* **ACTIVITY**: The full listing should be set down exactly as it reads.

* **DATA IN THIS EXERCISE**:
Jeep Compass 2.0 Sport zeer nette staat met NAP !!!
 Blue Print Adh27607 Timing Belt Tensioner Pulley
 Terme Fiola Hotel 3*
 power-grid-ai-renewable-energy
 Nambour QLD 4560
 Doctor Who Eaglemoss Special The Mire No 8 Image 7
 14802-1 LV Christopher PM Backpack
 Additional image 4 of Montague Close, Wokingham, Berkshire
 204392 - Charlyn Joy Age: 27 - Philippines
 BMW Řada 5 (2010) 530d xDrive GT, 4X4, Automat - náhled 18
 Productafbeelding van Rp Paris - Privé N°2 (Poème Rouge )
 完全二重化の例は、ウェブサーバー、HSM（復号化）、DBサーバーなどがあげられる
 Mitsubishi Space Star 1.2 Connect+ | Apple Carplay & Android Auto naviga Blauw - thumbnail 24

* **OUTPUT OF THE EXERCISE**:
Jeep Compass 2.0 Sport zeer nette staat met NAP !!!
 Blue Print Adh27607 Timing Belt Tensioner Pulley
 Terme Fiola Hotel 3*
 power-grid-ai-renewable-energy
 Nambour QLD 4560
 Doctor Who Eaglemoss Special The Mire No 8 Image 7
 14802-1 LV Christopher PM Backpack
 Additional image 4 of Montague Close, Wokingham, Berkshire
 204392 - Charlyn Joy Age: 27 - Philippines
 BMW Řada 5 (2010) 530d xDrive GT, 4X4, Automat - náhled 18
 Productafbeelding van Rp Paris - Privé N°2 (Poème Rouge )
 完全二重化の例は、ウェブサーバー、HSM（復号化）、DBサーバーなどがあげられる
 Mitsubishi Space Star 1.2 Connect+ | Apple Carplay & Android Auto naviga Blauw - thumbnail 24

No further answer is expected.